As an alternative to polyurethane-based foams, phosphoric acid has been used to perform in situ foaming reactions in polymeric materials. However, phosphoric acid causes other problems. For example, the reaction time with phosphoric acid is very fast, which is not ideal for assembly processes that require time to position the polymeric material onto the surface prior to foaming. Therefore, a slight delay in reaction time may be preferable. In some cases, the nature of phosphoric acid may pose negative health and safety concerns.

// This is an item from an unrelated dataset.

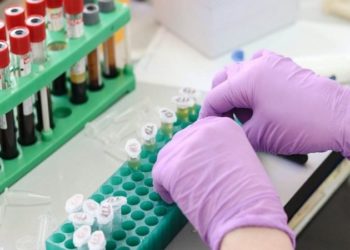 Del testi i ri, Covid identifikohet edhe nëpërmjet gjakut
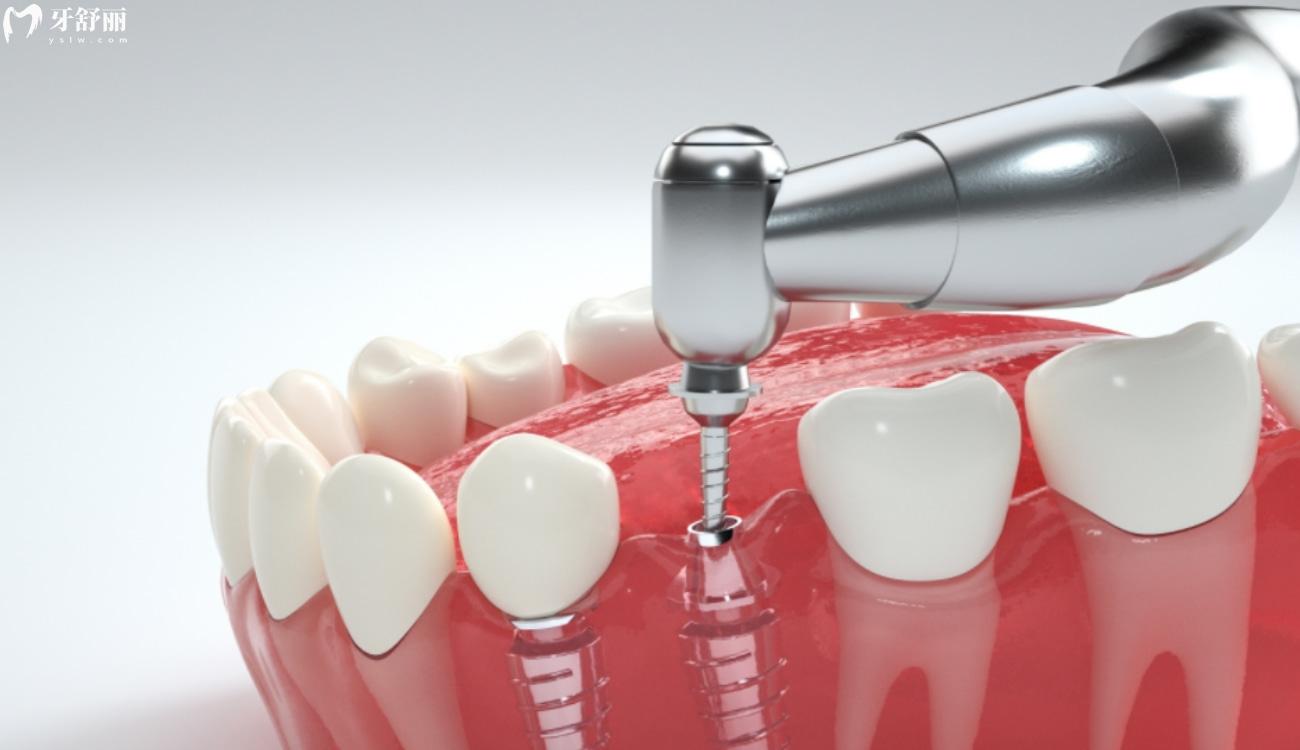 种植牙才2980元靠谱吗.jpg 种植牙才2980元靠谱吗.jpg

Therefore, alternative materials that are healthy and have a lower safety risk may be preferred. Phosphoric acid also has a significant difference in viscosity from polymeric materials. This presents challenges to the manufacture (e.g., mixing) and storage of the materials. Phosphoric acid also has a much smaller molecular weight than many polymeric materials, thereby resulting in an undesirable mixing ratio. It is preferred to use a relatively close mixing ratio of 1:1 or 2: 1. Finally, the reactivity of phosphoric acid makes it difficult to use in formulating adhesive and sealant materials, as many chemical components may be unstable when used with phosphoric acid. Preferably, the polymer can contain various moieties that may facilitate adhesion, physical or chemical compatibility, and the like.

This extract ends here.